A farewell to a genius
No politics. I don’t want to hear anything about how X killed Cohen. Don’t put the name of that man in the same sentence with an artist of genius, of brilliance, of compassion, of sensuality, of sly humor and a wicked sense of irony.
There have been very few artists who have more of an impact on my life, personally. The wild and raw and poetic sexuality of his novel Beautiful Losers deeply impacted me, for its profane grace and nearly sacred positioning of the terrors and wonders of the human body. His poetry spoke to me in a way I hadn’t realized was possible.
And the music: from the sparse tremors of the early albums to the deep bass of the later ones, to his role as the prophet of aging. But he never lost it: he never lost that probing questioning into being a human. And his last album–god, his last album–is a masterpiece.
This article, found on a blog by a non-profit that does amazing work for the aging, does an uncanny job of encapsulating up how I feel about the album, and about him.
The voice comes as we’ve heard it over the last 20 years—a deep gravel, almost impossibly low, and barely singing. It’s more like the singsong speech of a man hanging out under a lamppost, barely lit against the darkness, trying to tell you something with insistent urgency. It is, of course, Leonard Cohen—unmistakable from the first gravely note of his voice, imbued with ancient wisdom, rueful sadness, and endless wit. It’s less an aging voice than a voice of age.
And the end…
So I don’t think it is saying goodbye. He’s just saying, maybe this is goodbye. Maybe it isn’t. We don’t have the answer to all the mysteries, and we barely have the questions. So as long as we’re still here, let’s talk. Let’s remember. Let’s continue to explore these questions that trouble us when we’re young, and still gnaw at us when we’re old. It’s a perfect encapsulation of the idea that we are who we are, immutable.

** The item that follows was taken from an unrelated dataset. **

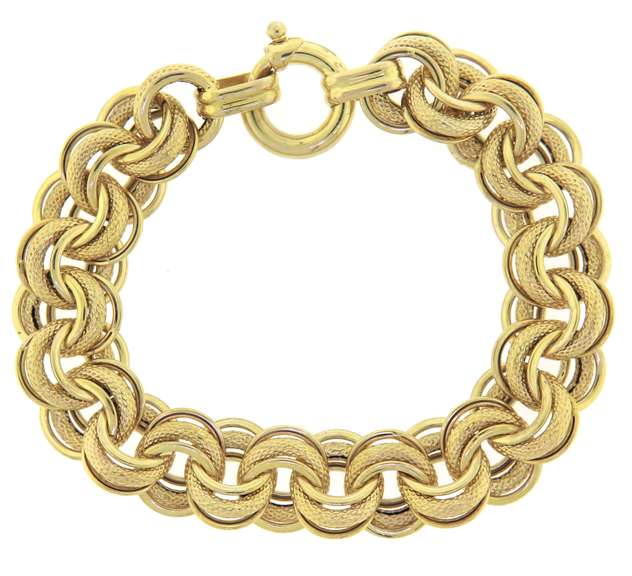 Fancy Yellow Gold Textured Anchor Link Bracelet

The deep voice is the same one that plied Montreal streets, and found love on Greek Islands. The body is the same one that once knew Janis Joplin in the Chelsea Hotel. The heart is the same one that famously cried, “So Long, Marianne”, a sad and joyful parting to his muse, who herself died earlier this year. He told her it was time to laugh and cry and cry and laugh about it all again. That’s the heart of his music. We suffer, and then we remember our suffering with fondness, because it is something that happened to our souls, simply from being alive.
This wild and impossible life is his main target of inquisition, and, like always, he’ll interrogate it until he can no longer. If we’re looking for inspiration as we grow older, and the strength to still be awake and alive in the world, Cohen can answer as he has so many times: I’m your man.
Maybe you only know Cohen from “Hallelujah”, or its million covers, and that’s ok. It’s a great song. I think it actually sums him up better than people, annoyed by its ubiquity, think: that blending of the religious and the sexual, and the knowledge that there is no actual difference. The knowledge that love contains the deepest terrors, and the knowledge that life grows within itself its own seed of destruction.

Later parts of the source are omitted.